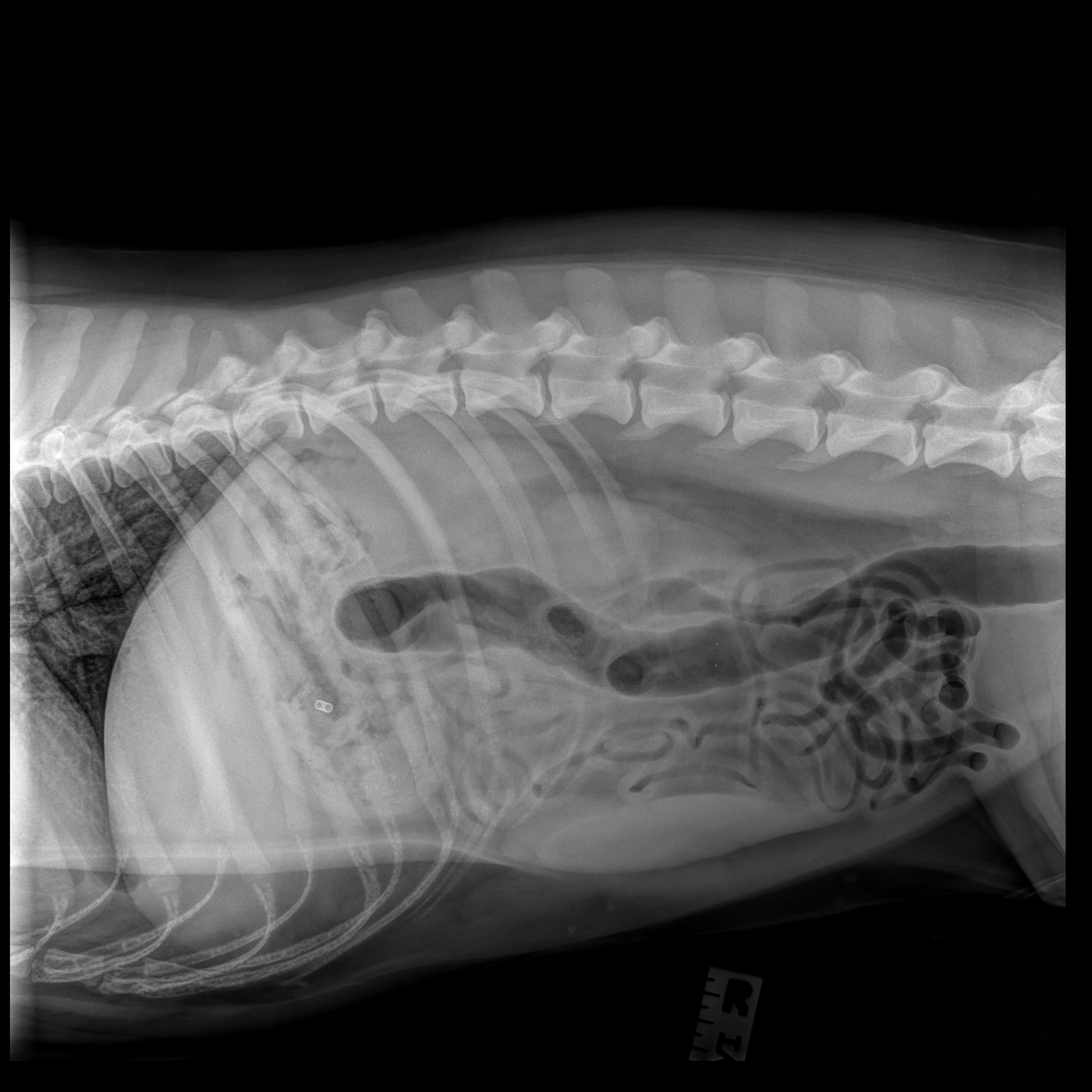 Save Ducky: Urgent Care Needed for Recovery campaign photo, 6 of 8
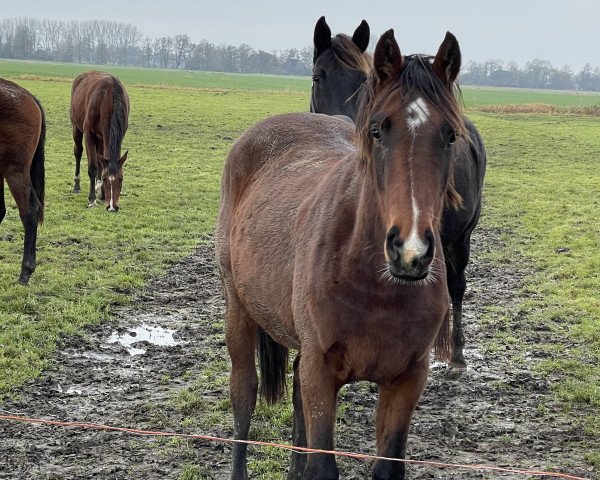 broodmare Olympia MB (Holsteiner, 2021, from Zuccero Hv)
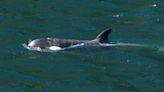 Researchers race to track freed baby orca, reunite her with her pod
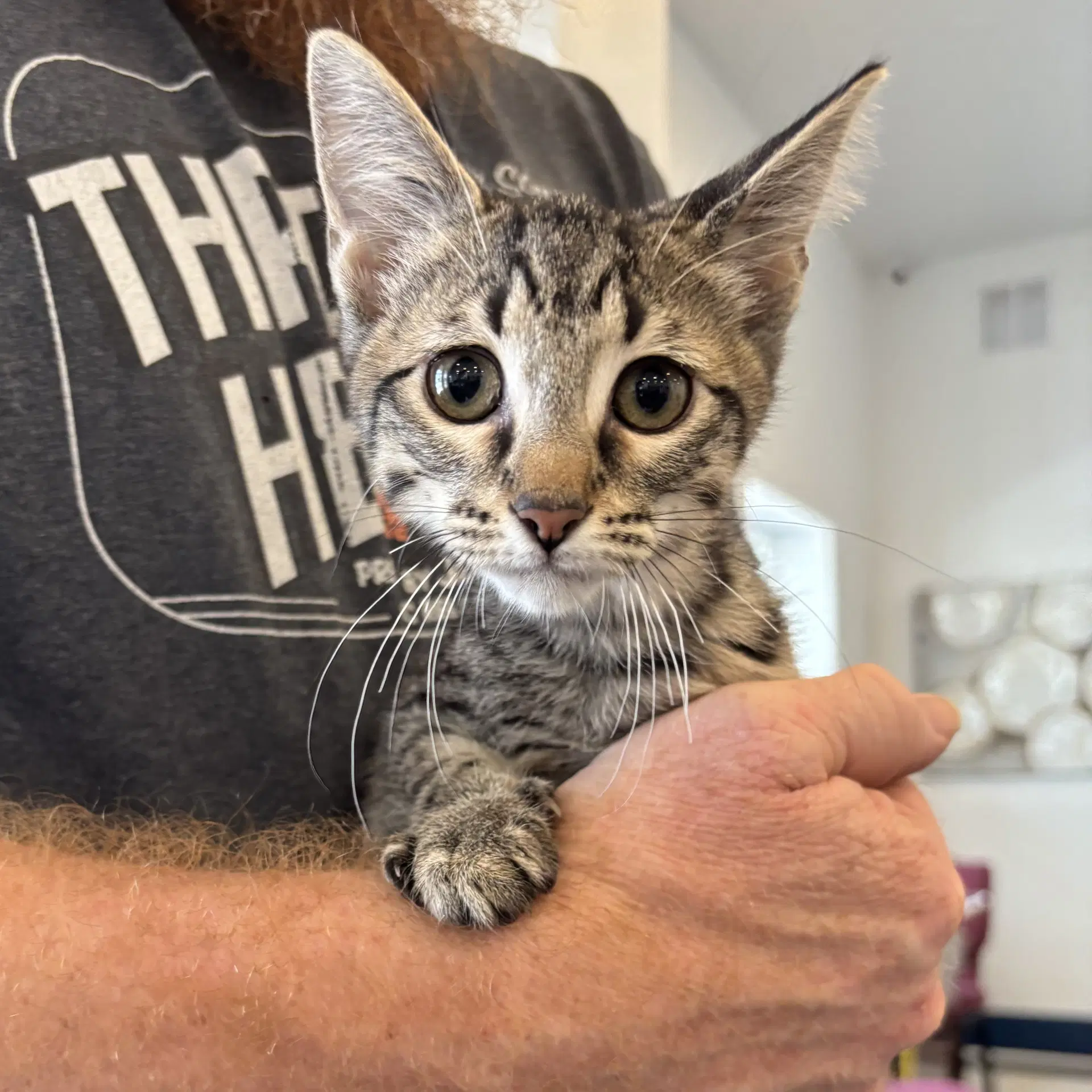 Meatball - Tabby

* * * * * * * * *

- TASK -
Copy exactly the lines running from the line with "Researchers race to" to the final line of the listing, keeping both ends and dropping any picture.

- FINISHED TASK -
 Researchers race to track freed baby orca, reunite her with her pod
 Meatball - Tabby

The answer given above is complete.